Dies war als Strafe für mich gedacht, überlegte ich, als ich das Ratszimmer verließ; und er hätte kein sichereres Verhängnis für mich wählen können, selbst wenn er mich geradewegs zu meiner Hinrichtung geschickt hätte. Und dann verließ mich mein Mut, und ich musste im Gang stehen bleiben, um meine Fassung wiederzugewinnen. Ich stützte mich mit einem Unterarm an der Wand ab, um mich aufrecht zu halten, und lehnte den Kopf dagegen. Meine linke Hand tastete erschöpft nach dem Schwertgriff. Dann spürte ich eine Hand auf meinem Rücken. Ich drehte mich um und sah meinen Onkel. Er schien sich in einem Schockzustand zu befinden; sein Gesicht war grau. Wir fassten uns bei den Armen, und für einen Augenblick schien es, als würde ich ihn trösten. „Im Namen der Valar, reite sicher, mein Sohn“, bat er mich eindringlich.
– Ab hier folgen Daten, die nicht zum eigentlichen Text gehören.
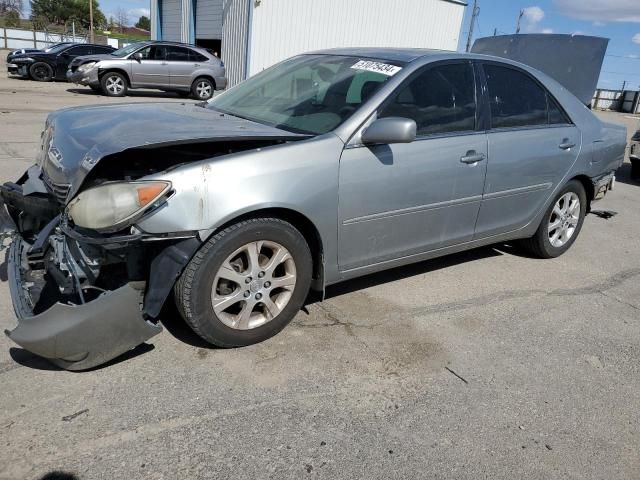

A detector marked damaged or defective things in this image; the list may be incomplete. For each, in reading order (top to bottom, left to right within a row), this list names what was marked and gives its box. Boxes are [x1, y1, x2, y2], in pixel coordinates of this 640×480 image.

Ich schaute ihm fest in die Augen. „Dies ist ein bitterer Abschied, aber wir wollen uns nichts vormachen“, sagte ich leise. „Denn wir beide wissen, dass es der gesamten Gnade der Valar bedarf, mich lebend zurückkommen zu lassen. Und es geschähe nicht in Übereinstimmung mit dem Willen des Truchsessen.“ Wir umarmten uns, und ich senkte den Kopf und lehnte ihn einen Moment an seine Schulter. Dann verließ ich die Zitadelle in Richtung Osgiliath, dem Schicksal entgegen, von dem mein Vater beschlossen hatte, dass ich es verdiente.